# Suggestions for New Mexico Trip



## satchellwk (Apr 17, 2014)

Hello, 

So, I'm going on a trip to New Mexico soon (late May-early June), and was wondering if anyone had any tips or knows of good spots for bugs. I know the current plan is to stay in Albuquerque and Santa Fe, so I'll mostly be in north-central portion of the state. I'm hoping to find stuff like scorpions (Hadrurus and Centruroides), Mastigoproctus giganteus, Scolopendra polymorpha and heros, Jerusalem crickets, Arenivaga and Parcoblatta sp. roaches, Tarantulas, Death-feigning Beetles, and pretty much anything else cool. Can these species be found in the general areas of Albuquerque and Santa Fe, or would I have to travel to get a hold of them. Also, do I need to be concerned about collection laws as long as I'm not in protected areas? Can I just pull off on the side of the highway and go nuts or is that frowned upon? Also, any tips for finding herps would be good as well, although I will not be collecting any. 

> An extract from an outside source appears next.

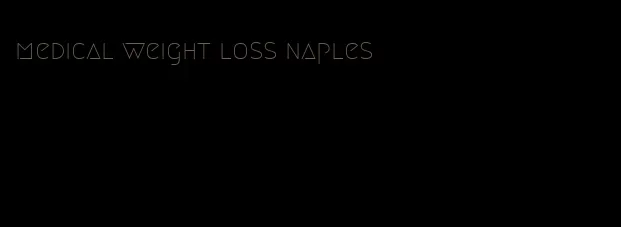 medical weight loss naples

Any advice is greatly appreciated; thanks!


----------



## ironmonkey78 (May 6, 2014)

Hi,
I haven't been out collecting in quite a while but you should be able to find a large portion of what your looking for in the Albuquerque, Santa Fe area.  I lived in Edgewood for a long while, it is just over the mountain from ABQ and we had tons of Scolopendra polymorpha.  I havent had too much luck with tarantulas recently in ABQ but I went pretty early.  They should be more active now.  They are usually on the edges of town, although I heard that they are pretty abundant in the hills around santa fe.  If you are staying anywhere that is close to the edge of town you should be able to find some centipedes fairly easily just by flipping some rocks, same with scorpions.  You can likely find beetles and some woodroaches along the rio.


----------



## satchellwk (May 9, 2014)

Thanks for the advice!


----------



## Shrike (May 27, 2014)

City of Rocks State Park is a fantastic place.  Highly recommend you check it out.


----------